When you encounter a threat, your sympathetic nervous system kicks in, releasing stress hormones that help you either run or fight back. Once the danger has passed, your parasympathetic nervous system activates and allows you rest and relax. 

Through meditation, you are essentially deactivating your sympathetic nervous system and turning on the parasympathetic branch, Rhoads says. Initial studies have found that over time this practice can help reduce pain, depressionstress and anxiety

Rhoads also emphasizes how calming down your sympathetic nervous system through meditation can decrease emotional reactivity.

“It’s hard to accept some aspects of the present moment when they’re not pleasant,” he says. “To me, the number one benefit of mindfulness meditation is having a practice of disengaging with something that’s stressing you out.” 

By nonjudgmentally noticing what comes up for you during meditation and then letting it go, you are better able to avoid triggering your fight or flight response when something negative pops up in life. 

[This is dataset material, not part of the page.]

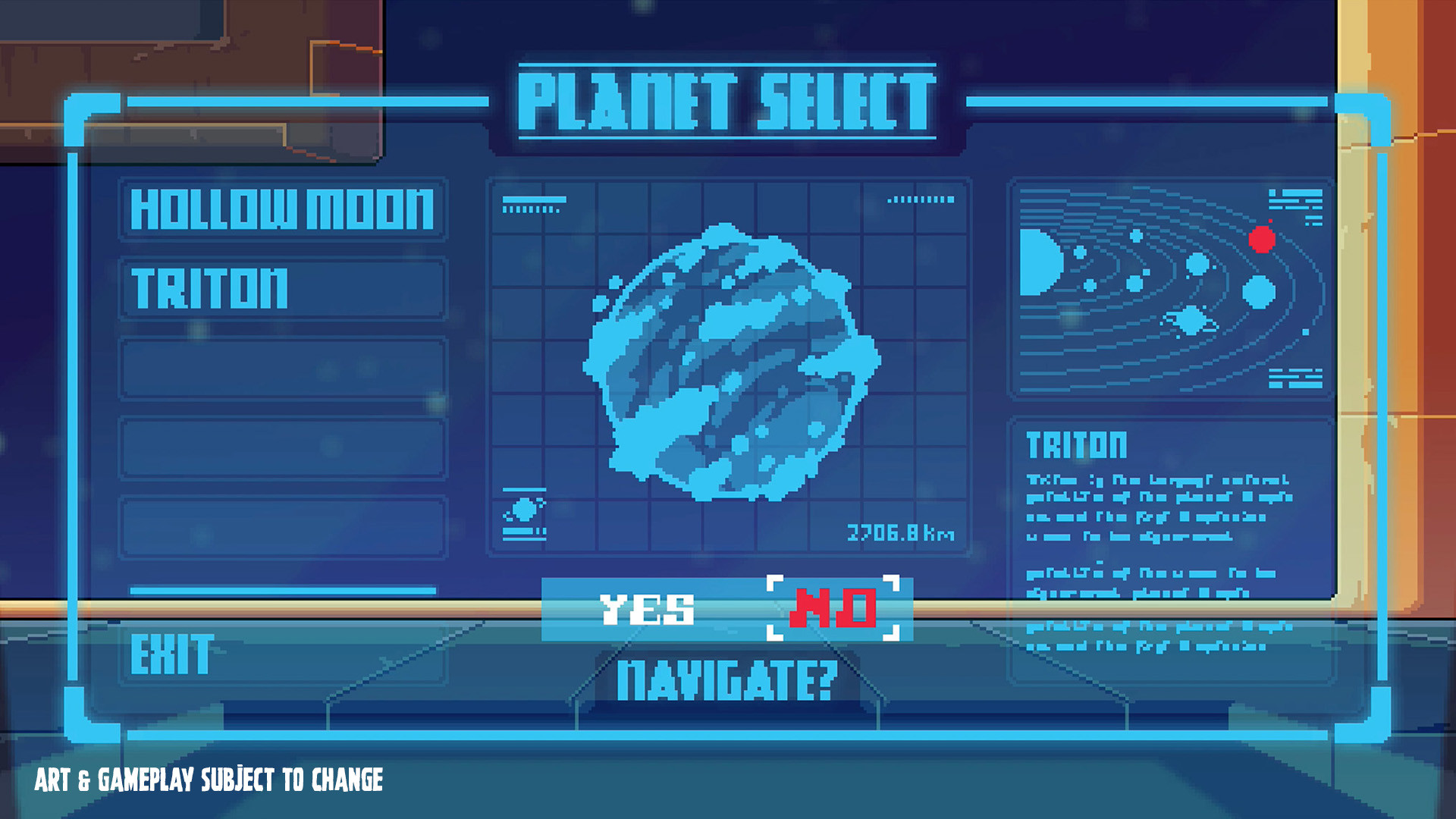 Dexter Stardust: Returns to Outer Space screenshot 4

“There is some distance that gets inserted between the stimulus and your response. There’s a chance to notice your reaction,” Rhoads says. “I start to get stressed or angry or worried, and then I think, ‘Is that how I want to respond?’” 

The takeaway? Meditation is a practice, not a magic pill 

While mindfulness meditation can cause incredible changes in your brain and outlook, this doesn’t happen overnight, and it isn’t a cure-all.

Learning to let go of your expectations and simply experience meditation is hard — but it’s also largely the point. The more you practice being in the moment without judgement or expectations, the better you get at it. 

“You can’t go in expecting to experience enlightenment or to have a mystical experience,” Rhoads says. “But people do find that at the end of even a 10- or 15-minute practice they feel more centered, calmed or relaxed. It’s great if that happens and it’s great if it doesn’t. Trust in the process.”